======== Information provided ========
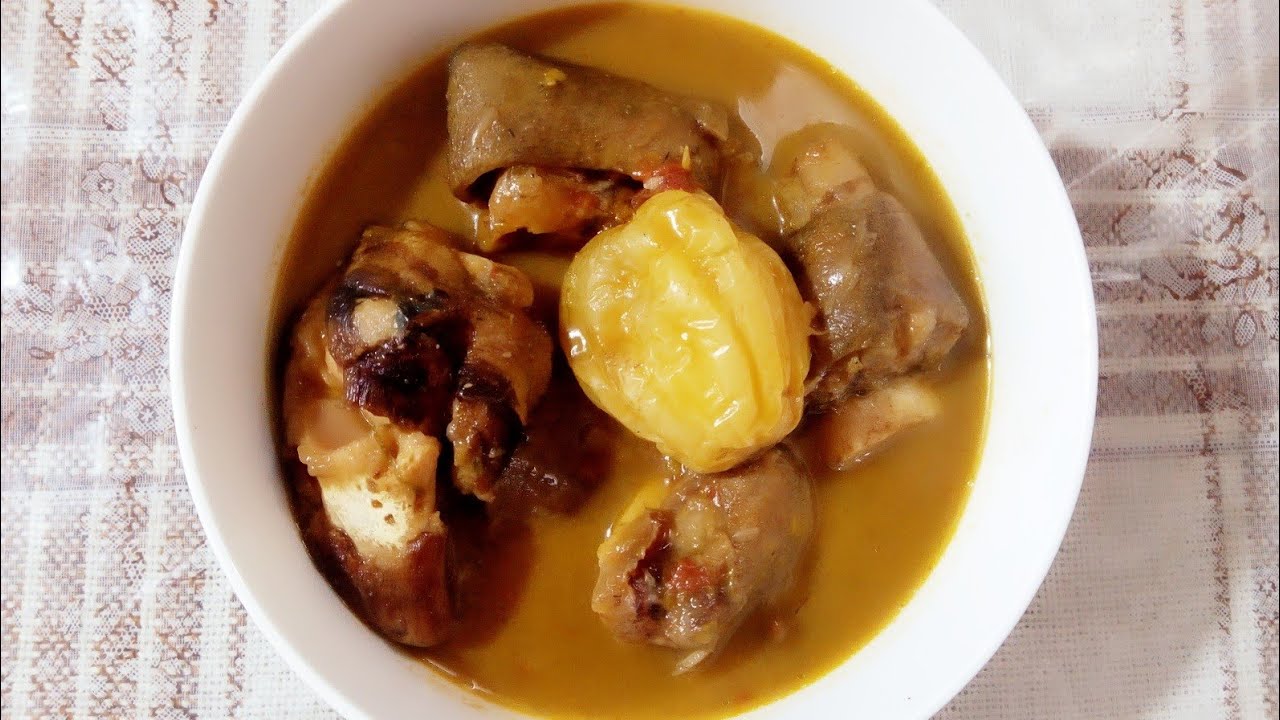 Soupe de patte de boeuf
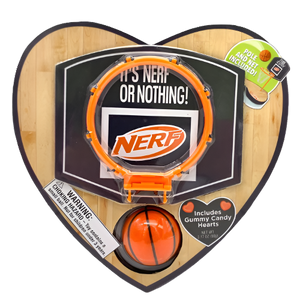 Frankford Nerf Basketball Heart with Gummy Candy 3.17 oz. Box - Visit www.allcitycandy.com for great candy, service and delicious treats!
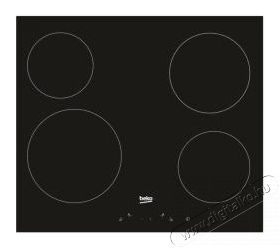 Beko HIC 64401 Konyhai term&eacute;kek - S&uuml;tő-főzőlap, tűzhely (be&eacute;p&iacute;thető) - Elektromos főzőlap (be&eacute;p&iacute;thető) - 515202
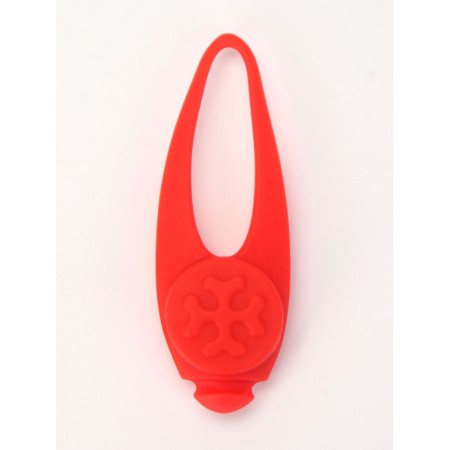 Light beacon on the collar/leash with 3 lumber modes "Paw", 3.2 cm, silicone, red-3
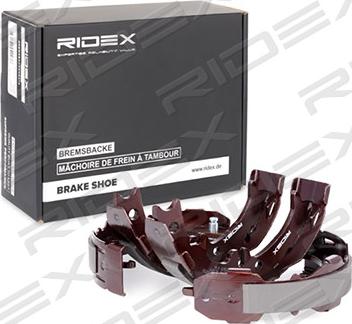 RIDEX 1419B0004 - Комплект тормозов, ручник, парковка www.autospares.lv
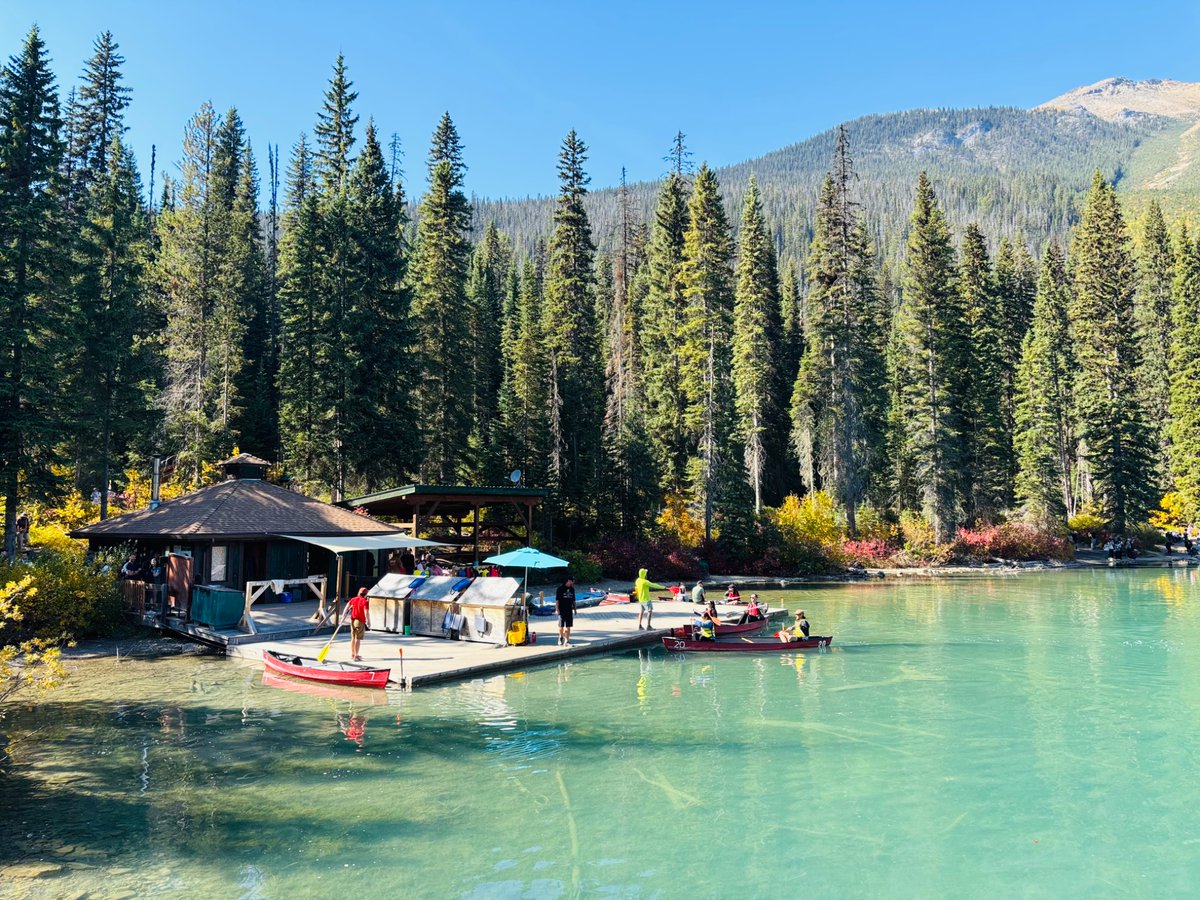 FoxLeung1989's tweet photo. エメラルド湖の水は、すごく素敵です。
The color of Emerald Lake is great, too
#連休 
#旅行　
#カナダ好き
#旅行好きな人と繋がりたい https://t.co/WXkqpFT7Xp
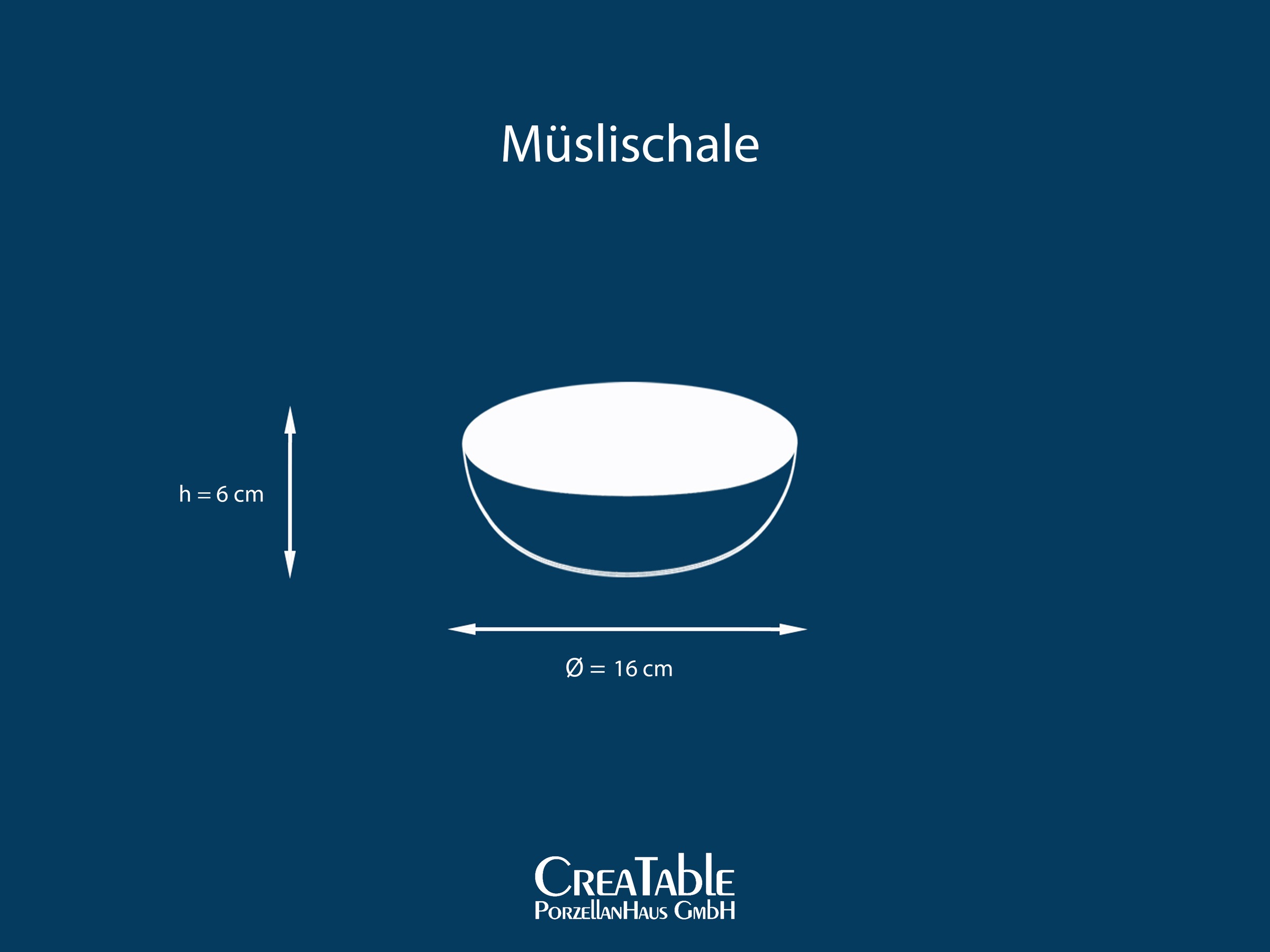 CreaTable Müslischale »Golden Days, Schale 6-tlg«, 6 tlg., aus Steinzeug, Goldfarbene Spezialglasur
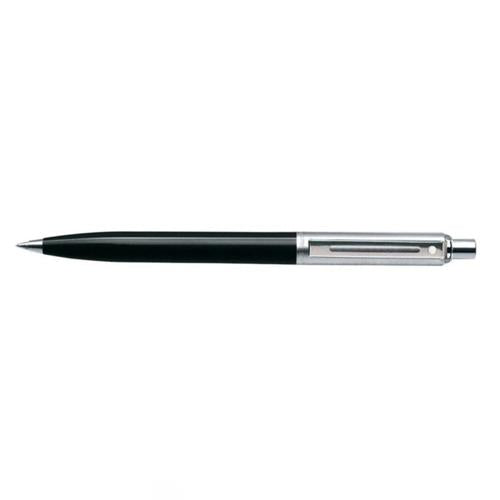 SHEAFFER SENTINEL GLOSS BLACK/CHROME CAP/TRIM BALLPOINT PEN
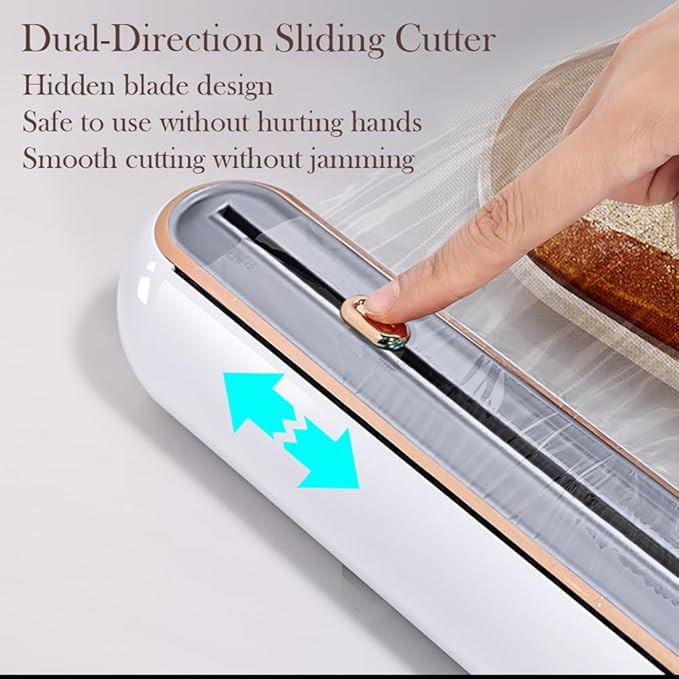 EasyCutter- The Premium Effortless Cling Film Dispenser for Every Kitchen by COZYTO (Amazing Gray)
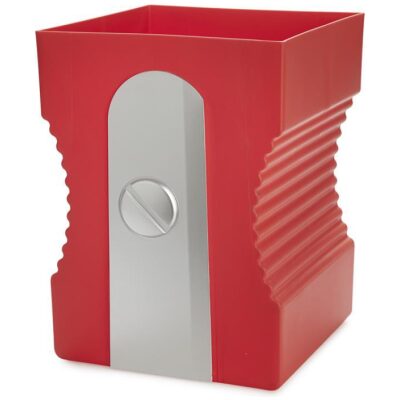 PAPELERA SACAPUNTAS ROJO - Imagen 2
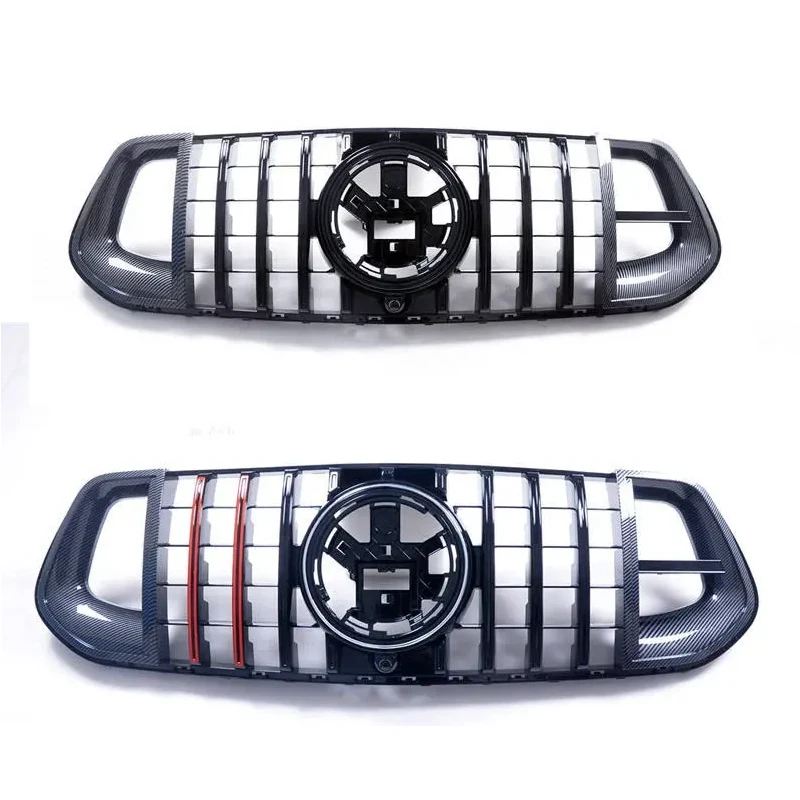 

Hot Selling Suitable for - Gle W167 Amg Style Carbon Fiber Pattern Modified Sports Gt Style Front Grille 2020+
========
● Work order: Print exactly, and only, the lines from the line containing "SHEAFFER SENTINEL GLOSS" to the last line of the material above, with every picture left out.

● Answer box:
 SHEAFFER SENTINEL GLOSS BLACK/CHROME CAP/TRIM BALLPOINT PEN
 EasyCutter- The Premium Effortless Cling Film Dispenser for Every Kitchen by COZYTO (Amazing Gray)
 PAPELERA SACAPUNTAS ROJO - Imagen 2

Hot Selling Suitable for - Gle W167 Amg Style Carbon Fiber Pattern Modified Sports Gt Style Front Grille 2020+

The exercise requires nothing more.